According to The Columbia Spectator, Patel was stopped just 30 minutes into this routine due to a joke about a gay black man from Patel’s old neighborhood: “No one looks in the mirror and thinks, ‘this black thing is too easy, let me just add another thing to it.’”
That is fairly standard stuff for a modern comedian but it apparently sent Columbia students into vapors.
What is ironic is that the joke reflected sympathy with the discrimination faced by both people of color and homosexuals in our society.
The crackdown on comedians is nothing new unfortunately. We have previously discussed the alarming rollback on free speech rights in the West, particularly in France (here and here and here and here and here and here) and England ( here and here and here and here and here and here and here and here and here and here). Much of this trend is tied to the expansion of hate speech and non-discrimination laws. We have seen comedians targeted with such court orders under this expanding and worrisome trend. (here and here).

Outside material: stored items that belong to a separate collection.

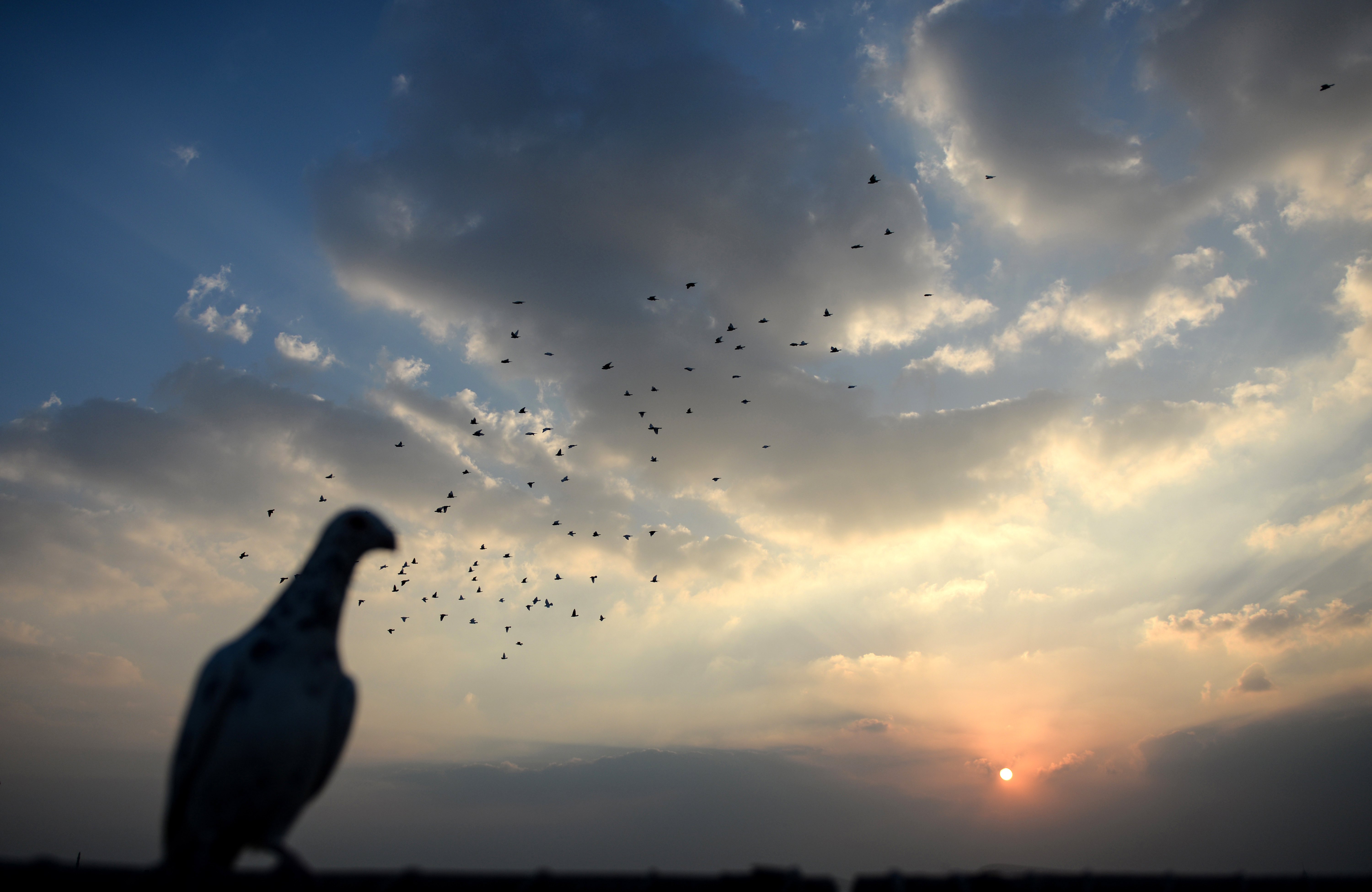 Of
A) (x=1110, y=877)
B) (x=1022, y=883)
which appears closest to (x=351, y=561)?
(x=1022, y=883)

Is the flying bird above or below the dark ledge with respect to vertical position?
above

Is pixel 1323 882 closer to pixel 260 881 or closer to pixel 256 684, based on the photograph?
pixel 260 881

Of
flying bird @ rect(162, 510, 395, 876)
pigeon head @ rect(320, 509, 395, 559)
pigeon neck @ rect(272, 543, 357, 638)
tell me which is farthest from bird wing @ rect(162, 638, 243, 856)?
pigeon head @ rect(320, 509, 395, 559)

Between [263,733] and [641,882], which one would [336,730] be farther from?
[641,882]

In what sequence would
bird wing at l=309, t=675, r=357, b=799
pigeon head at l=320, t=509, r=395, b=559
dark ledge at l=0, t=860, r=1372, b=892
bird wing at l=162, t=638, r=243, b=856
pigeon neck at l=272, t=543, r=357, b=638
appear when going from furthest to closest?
pigeon head at l=320, t=509, r=395, b=559 < pigeon neck at l=272, t=543, r=357, b=638 < bird wing at l=309, t=675, r=357, b=799 < bird wing at l=162, t=638, r=243, b=856 < dark ledge at l=0, t=860, r=1372, b=892

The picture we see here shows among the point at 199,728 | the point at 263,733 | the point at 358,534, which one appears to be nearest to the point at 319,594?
the point at 358,534

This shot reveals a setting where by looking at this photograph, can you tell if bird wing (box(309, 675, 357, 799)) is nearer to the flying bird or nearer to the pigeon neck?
the flying bird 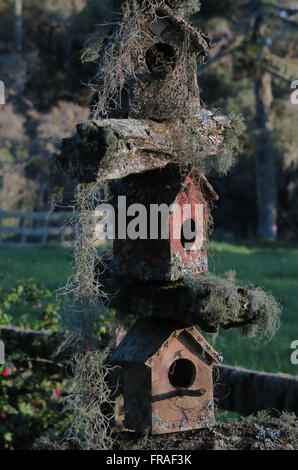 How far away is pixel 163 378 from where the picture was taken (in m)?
3.14

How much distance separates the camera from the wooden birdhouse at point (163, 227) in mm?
3078

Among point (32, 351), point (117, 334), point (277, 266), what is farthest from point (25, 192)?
point (117, 334)

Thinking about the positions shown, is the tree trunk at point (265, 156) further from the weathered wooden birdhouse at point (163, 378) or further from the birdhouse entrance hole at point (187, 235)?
the weathered wooden birdhouse at point (163, 378)

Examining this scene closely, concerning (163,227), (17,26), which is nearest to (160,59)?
(163,227)

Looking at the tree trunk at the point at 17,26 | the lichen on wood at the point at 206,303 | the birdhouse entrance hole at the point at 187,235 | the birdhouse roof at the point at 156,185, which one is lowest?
the lichen on wood at the point at 206,303

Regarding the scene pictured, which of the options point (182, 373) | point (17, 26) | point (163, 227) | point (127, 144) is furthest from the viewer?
point (17, 26)

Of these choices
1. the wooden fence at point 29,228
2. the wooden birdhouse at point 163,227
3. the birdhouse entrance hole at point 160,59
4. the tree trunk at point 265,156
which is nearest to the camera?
the wooden birdhouse at point 163,227

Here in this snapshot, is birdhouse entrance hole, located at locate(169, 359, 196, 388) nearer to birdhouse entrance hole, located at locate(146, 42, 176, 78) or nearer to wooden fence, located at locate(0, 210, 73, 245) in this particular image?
birdhouse entrance hole, located at locate(146, 42, 176, 78)

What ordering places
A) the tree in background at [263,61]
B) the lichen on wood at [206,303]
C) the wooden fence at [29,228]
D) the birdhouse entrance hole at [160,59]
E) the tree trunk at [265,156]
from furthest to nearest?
the tree trunk at [265,156]
the tree in background at [263,61]
the wooden fence at [29,228]
the birdhouse entrance hole at [160,59]
the lichen on wood at [206,303]

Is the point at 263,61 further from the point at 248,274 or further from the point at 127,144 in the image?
the point at 127,144

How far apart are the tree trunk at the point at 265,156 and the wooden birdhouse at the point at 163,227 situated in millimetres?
20233

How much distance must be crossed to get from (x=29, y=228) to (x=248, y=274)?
615 inches

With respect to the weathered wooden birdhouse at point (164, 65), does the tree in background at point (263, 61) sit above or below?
above

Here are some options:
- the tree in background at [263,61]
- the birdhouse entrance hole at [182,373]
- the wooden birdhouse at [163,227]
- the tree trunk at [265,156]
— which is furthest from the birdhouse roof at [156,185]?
the tree trunk at [265,156] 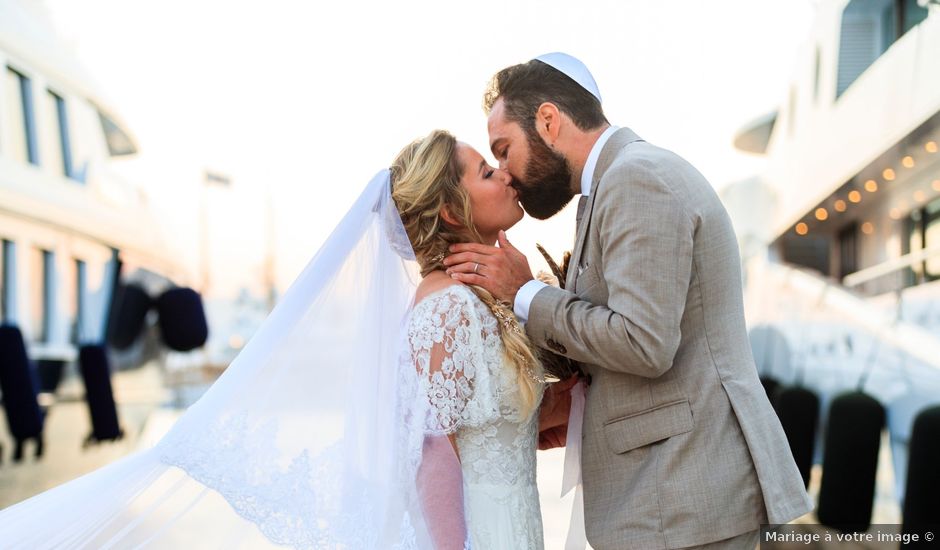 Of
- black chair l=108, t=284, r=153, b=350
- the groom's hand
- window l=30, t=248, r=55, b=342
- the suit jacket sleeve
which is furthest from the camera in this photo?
black chair l=108, t=284, r=153, b=350

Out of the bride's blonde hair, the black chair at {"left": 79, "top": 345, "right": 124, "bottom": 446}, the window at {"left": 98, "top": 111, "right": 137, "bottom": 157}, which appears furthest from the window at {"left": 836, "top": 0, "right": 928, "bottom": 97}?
the window at {"left": 98, "top": 111, "right": 137, "bottom": 157}

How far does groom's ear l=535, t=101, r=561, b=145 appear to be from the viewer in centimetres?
242

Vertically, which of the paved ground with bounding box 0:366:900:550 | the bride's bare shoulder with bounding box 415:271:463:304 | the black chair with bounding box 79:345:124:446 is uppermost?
the bride's bare shoulder with bounding box 415:271:463:304

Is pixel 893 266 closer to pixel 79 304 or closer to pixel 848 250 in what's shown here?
pixel 848 250

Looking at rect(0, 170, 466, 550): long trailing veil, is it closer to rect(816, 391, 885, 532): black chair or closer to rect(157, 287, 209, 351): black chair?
rect(816, 391, 885, 532): black chair

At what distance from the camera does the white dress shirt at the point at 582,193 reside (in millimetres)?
2186

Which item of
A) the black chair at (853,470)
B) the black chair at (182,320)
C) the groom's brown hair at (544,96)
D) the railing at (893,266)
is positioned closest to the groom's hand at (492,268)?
the groom's brown hair at (544,96)

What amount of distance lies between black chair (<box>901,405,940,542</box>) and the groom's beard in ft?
11.2

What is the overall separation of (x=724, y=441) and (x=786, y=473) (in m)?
0.18

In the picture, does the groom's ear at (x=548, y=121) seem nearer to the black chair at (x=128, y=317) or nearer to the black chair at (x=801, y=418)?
the black chair at (x=801, y=418)

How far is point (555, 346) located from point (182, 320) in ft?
25.6

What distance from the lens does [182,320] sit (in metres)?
9.30

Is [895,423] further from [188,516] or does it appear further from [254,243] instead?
[254,243]

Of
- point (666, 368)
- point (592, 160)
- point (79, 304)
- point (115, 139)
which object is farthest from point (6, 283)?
point (666, 368) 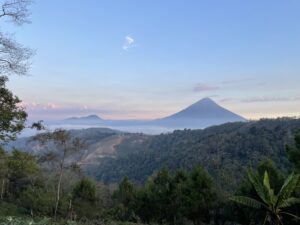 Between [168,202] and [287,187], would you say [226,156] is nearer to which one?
[168,202]

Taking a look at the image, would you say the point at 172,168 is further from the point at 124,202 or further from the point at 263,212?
the point at 263,212

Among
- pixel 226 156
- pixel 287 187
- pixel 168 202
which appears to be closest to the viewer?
pixel 287 187

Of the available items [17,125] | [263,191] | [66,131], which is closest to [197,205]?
[66,131]

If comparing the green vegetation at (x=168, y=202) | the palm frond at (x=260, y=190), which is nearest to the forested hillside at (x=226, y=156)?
the green vegetation at (x=168, y=202)

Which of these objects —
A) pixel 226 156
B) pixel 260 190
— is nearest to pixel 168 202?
pixel 260 190

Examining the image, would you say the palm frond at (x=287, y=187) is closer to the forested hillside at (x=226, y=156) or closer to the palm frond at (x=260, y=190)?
the palm frond at (x=260, y=190)

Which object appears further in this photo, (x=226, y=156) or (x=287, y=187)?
(x=226, y=156)

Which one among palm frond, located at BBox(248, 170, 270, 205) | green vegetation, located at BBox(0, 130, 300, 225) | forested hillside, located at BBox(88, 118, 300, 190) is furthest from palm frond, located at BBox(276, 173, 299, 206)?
forested hillside, located at BBox(88, 118, 300, 190)

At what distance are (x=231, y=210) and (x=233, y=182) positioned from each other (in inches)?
1303

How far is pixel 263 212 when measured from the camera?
33438 mm

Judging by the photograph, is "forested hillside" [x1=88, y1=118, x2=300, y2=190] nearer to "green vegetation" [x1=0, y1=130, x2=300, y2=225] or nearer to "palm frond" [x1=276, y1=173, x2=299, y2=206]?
"green vegetation" [x1=0, y1=130, x2=300, y2=225]

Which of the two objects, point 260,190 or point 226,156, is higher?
point 260,190

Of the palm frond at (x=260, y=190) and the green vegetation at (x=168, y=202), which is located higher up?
the palm frond at (x=260, y=190)

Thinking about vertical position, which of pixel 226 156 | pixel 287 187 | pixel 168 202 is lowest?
pixel 168 202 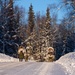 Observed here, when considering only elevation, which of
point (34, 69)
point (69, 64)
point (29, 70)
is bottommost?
point (69, 64)

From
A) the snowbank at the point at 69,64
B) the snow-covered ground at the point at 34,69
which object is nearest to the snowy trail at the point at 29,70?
the snow-covered ground at the point at 34,69

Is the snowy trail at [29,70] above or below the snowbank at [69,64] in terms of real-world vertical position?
above

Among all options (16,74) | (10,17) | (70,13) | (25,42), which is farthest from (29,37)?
(16,74)

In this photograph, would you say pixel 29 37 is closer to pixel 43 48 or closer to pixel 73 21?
pixel 43 48

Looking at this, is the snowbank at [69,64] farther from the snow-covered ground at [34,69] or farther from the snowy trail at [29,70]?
the snowy trail at [29,70]

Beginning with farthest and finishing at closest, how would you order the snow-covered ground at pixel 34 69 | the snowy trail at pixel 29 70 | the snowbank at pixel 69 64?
the snowbank at pixel 69 64, the snow-covered ground at pixel 34 69, the snowy trail at pixel 29 70

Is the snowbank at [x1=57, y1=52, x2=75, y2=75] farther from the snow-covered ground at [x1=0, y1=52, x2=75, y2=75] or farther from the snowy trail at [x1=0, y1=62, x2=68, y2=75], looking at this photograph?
the snowy trail at [x1=0, y1=62, x2=68, y2=75]

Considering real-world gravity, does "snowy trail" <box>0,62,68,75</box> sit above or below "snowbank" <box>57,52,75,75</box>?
above

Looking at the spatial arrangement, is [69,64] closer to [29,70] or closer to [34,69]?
[34,69]

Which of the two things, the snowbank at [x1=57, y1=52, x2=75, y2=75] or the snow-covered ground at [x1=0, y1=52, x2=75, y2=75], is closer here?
the snow-covered ground at [x1=0, y1=52, x2=75, y2=75]

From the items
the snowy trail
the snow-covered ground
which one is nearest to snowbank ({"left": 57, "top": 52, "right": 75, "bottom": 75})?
the snow-covered ground

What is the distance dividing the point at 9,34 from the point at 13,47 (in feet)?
9.46

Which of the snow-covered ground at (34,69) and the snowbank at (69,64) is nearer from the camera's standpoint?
the snow-covered ground at (34,69)

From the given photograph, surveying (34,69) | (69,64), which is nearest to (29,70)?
(34,69) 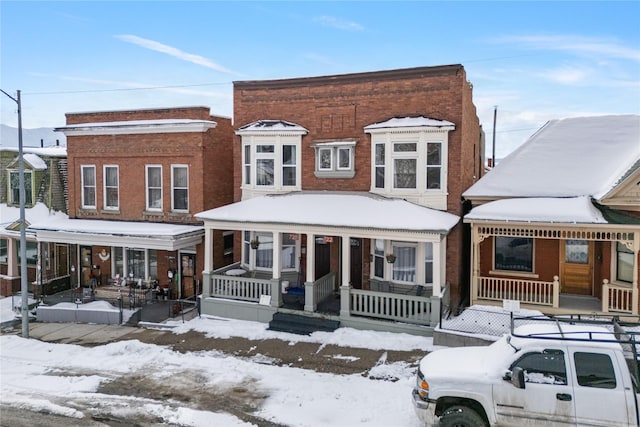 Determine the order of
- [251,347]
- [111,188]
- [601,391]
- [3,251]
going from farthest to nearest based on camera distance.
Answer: [3,251] → [111,188] → [251,347] → [601,391]

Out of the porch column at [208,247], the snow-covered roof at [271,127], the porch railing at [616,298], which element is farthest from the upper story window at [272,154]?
the porch railing at [616,298]

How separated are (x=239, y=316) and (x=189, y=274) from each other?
4914mm

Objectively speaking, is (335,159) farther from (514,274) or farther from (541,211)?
(514,274)

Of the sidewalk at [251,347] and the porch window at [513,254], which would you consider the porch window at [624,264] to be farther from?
the sidewalk at [251,347]

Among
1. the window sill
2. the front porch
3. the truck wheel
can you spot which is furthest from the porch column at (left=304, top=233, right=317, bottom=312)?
the truck wheel

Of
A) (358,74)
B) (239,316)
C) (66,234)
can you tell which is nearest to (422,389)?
(239,316)

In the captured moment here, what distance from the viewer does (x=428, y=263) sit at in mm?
16375

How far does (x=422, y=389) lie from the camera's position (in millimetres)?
8297

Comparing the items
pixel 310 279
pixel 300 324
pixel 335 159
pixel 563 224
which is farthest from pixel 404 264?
pixel 563 224

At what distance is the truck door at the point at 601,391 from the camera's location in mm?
7227

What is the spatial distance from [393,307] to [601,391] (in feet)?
25.0

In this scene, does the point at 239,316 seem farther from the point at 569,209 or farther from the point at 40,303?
the point at 569,209

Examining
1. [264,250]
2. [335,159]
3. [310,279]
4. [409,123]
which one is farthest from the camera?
[264,250]

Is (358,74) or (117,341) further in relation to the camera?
(358,74) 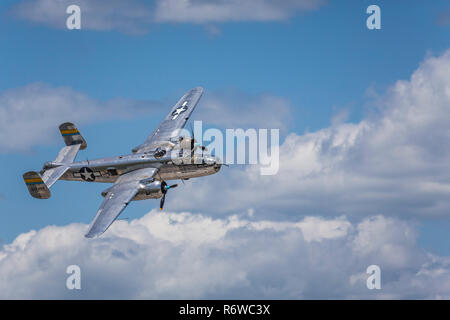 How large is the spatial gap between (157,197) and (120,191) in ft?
10.6

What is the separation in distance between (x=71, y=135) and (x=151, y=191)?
1522 cm

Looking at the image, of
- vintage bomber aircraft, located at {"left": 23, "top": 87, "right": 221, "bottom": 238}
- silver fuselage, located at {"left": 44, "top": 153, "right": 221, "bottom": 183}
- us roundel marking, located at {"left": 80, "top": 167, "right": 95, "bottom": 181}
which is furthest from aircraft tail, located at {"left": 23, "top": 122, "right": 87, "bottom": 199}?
silver fuselage, located at {"left": 44, "top": 153, "right": 221, "bottom": 183}

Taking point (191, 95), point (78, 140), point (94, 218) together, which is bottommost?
point (94, 218)

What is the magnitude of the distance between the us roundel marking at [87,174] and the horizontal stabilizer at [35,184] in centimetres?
483

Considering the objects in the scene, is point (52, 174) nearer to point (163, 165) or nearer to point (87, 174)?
point (87, 174)

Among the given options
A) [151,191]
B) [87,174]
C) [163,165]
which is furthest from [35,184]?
[163,165]

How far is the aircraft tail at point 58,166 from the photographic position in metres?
63.7

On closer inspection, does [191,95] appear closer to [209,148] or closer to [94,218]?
[209,148]

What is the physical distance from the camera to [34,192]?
210ft

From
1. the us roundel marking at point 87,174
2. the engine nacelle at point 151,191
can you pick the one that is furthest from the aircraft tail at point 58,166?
the engine nacelle at point 151,191

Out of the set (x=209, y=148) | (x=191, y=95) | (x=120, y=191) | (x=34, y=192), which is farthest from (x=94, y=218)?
(x=191, y=95)

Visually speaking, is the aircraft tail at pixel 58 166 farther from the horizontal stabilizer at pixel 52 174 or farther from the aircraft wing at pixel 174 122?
the aircraft wing at pixel 174 122

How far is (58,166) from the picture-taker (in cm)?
6912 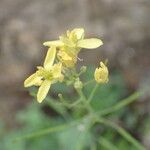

Yet, students like Adam Warren actually supported censoring the comedian because “using people’s ethnicity as the crux of his jokes could be funny but still offensive…He definitely wasn’t the most crass comedian I’ve ever heard but for the event it was inappropriate.” Eventually, young Adam and his classmates will have to actually emerge into the real world where such jokes are actually quite common.
That obvious point however is precisely what student Sofia Jao objects to. She is quoted as saying “I really dislike when people who are older say that our generation needs to be exposed to the real world. When older generations say you need to stop being so sensitive, it’s like undermining what our generation is trying to do in accepting others and making it safer.” What is missing however is any recognition that she is simply stating the motivation (which is not being questioned or opposed) rather than addressing the means. Any means used in the pursuit of a noble goal does not make it noble in itself. In this case, she and others are advocating censorship, including of comedians, to regulate speech of others. She could always simply not go to the show or walk out. Instead, Patel was told to leave because some in the audience were offended. Finally, Sofia, it is first and foremost not about your generation. It is about all of our free speech. If you want to live in an echo chamber of your own choosing, I have little interest or care. However, you are seeking to curtail the speech of others because you believe silencing them will make for a better place.
Yes, this is about the real world but it is also about the future of free speech and a new younger generation of censors. My generation was defined by the struggle for free speech and associations. This generation seems to relish speech controls and regulation.